Der evangelisch - lutherische Landeskirchenrat ließ verbreiten: »Wenige Tage vor seinem (Fendts) Tod setzten vor allem seitens der pflegenden katholischen Ordensschwestern Versuche ein, ihn für einen Übertritt zur katholischen Kirche zu gewinnen. Professor Fendt war in diesen letzten Tagen vor seinem Tode durch ein langes, qualvolles Leiden körperlich sehr geschwächt... Daß dabei (beim Empfang der Sterbesakramente) nicht eine in Freiheit gefällte Gewissensentscheidung vorlag, beweisen Äußerungen des Verstorbenen (nach dem Empfang der Sterbesakramente) ... In diesen Äußerungen ist von einer auf ihn verübten Attacke die Rede, der er nicht mehr zu widerstehen vermochte, und auch die ausdrückliche Feststellung enthalten, daß er nicht aus der evangelischen Kirche ausgetreten sei.«

Der katholische Stadtpfarrer Hans Bumiller verbreitete dagegen: »Herr Professor D. Dr.
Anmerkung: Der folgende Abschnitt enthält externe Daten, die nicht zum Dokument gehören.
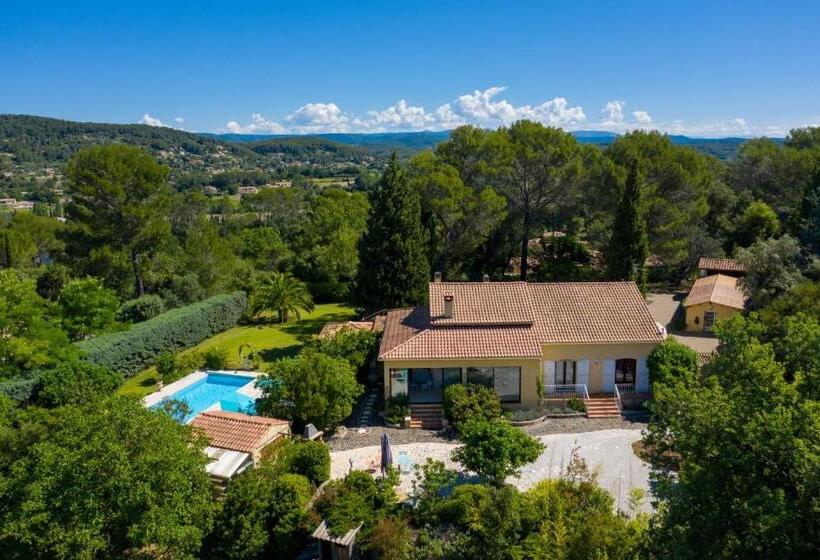 مبيت وإفطار Hôtes Antic Provence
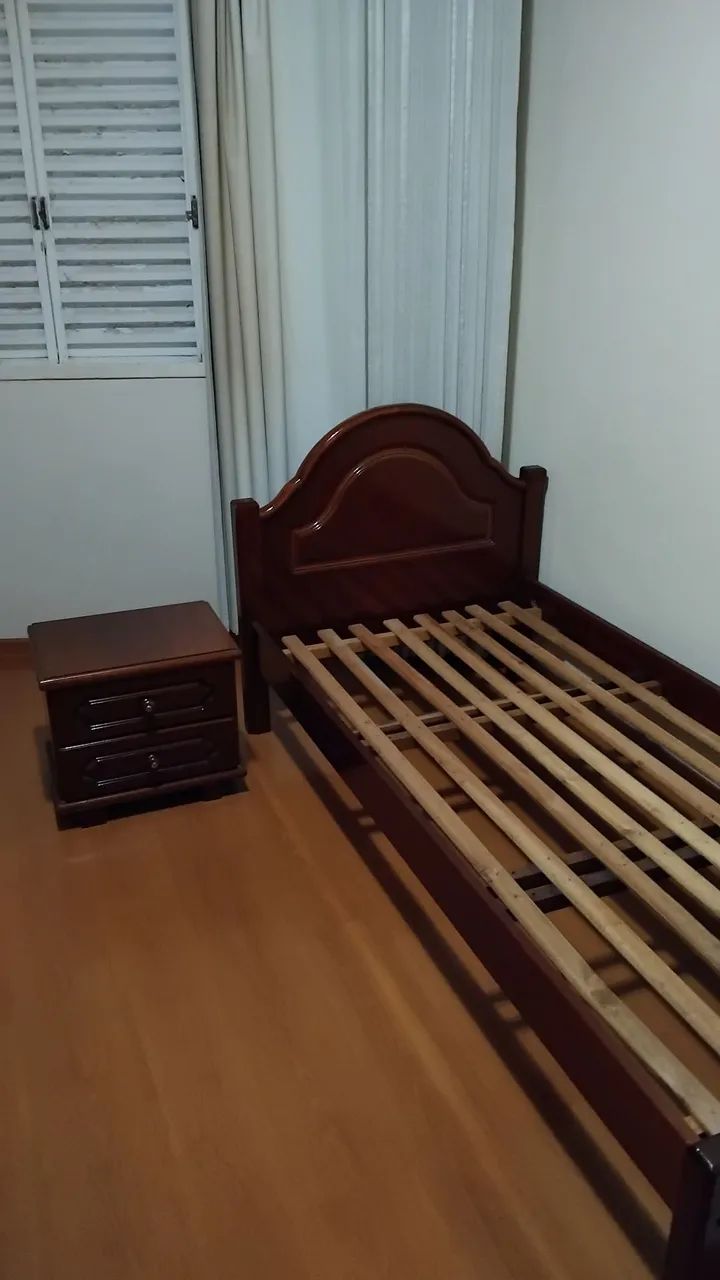 Conjunto mogno cama + mesa + cômoda - Foto 2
Leonhard Fendt hat vier Tage vor seinem Tode in Gegenwart und mit dem Einverständnis seiner Frau bei ganz klarem Bewußtsein die heiligen Sakramente empfangen.«

Pfarrer Bumiller stützt seine Darstellung auf »die vorliegenden Protokolle über die Aussagen der beteiligten. Personen«, der evangelisch-lutherische Landeskirchenrat publizierte seine Ansicht des Falles »nach genauer Prüfung der ihm zur Verfügung stehenden Unterlagen«. Schrieb das »Sonntagsblatt für die Evang.-Luth. Kirche in Bayern": »Ein Sterbezimmer ist ein heiliger Ort, in dem Gott handelt, und man sollte diesen Ort nicht zur Grabenstellung im Konversionskrieg machen.«

Allen jenen, die dem Professor Fendt zu Lebzeiten verbunden waren, ist es ein Trost, daß die widerstreitenden Stellungnahmen der evangelischen und der katholischen Kirche nicht das Letzte sein werden, was im Zusammenhang mit dem Namen Fendt nach dem Tode dieses bedeutenden Kirchenmannes publiziert werden wird: Zur Zeit ist die letzte Arbeit des Verstorbenen im Druck, seine »Einführung in die Liturgiewissenschaft«.

Lutherischer Bischof Dietzfelbinger

Katholische Attacke?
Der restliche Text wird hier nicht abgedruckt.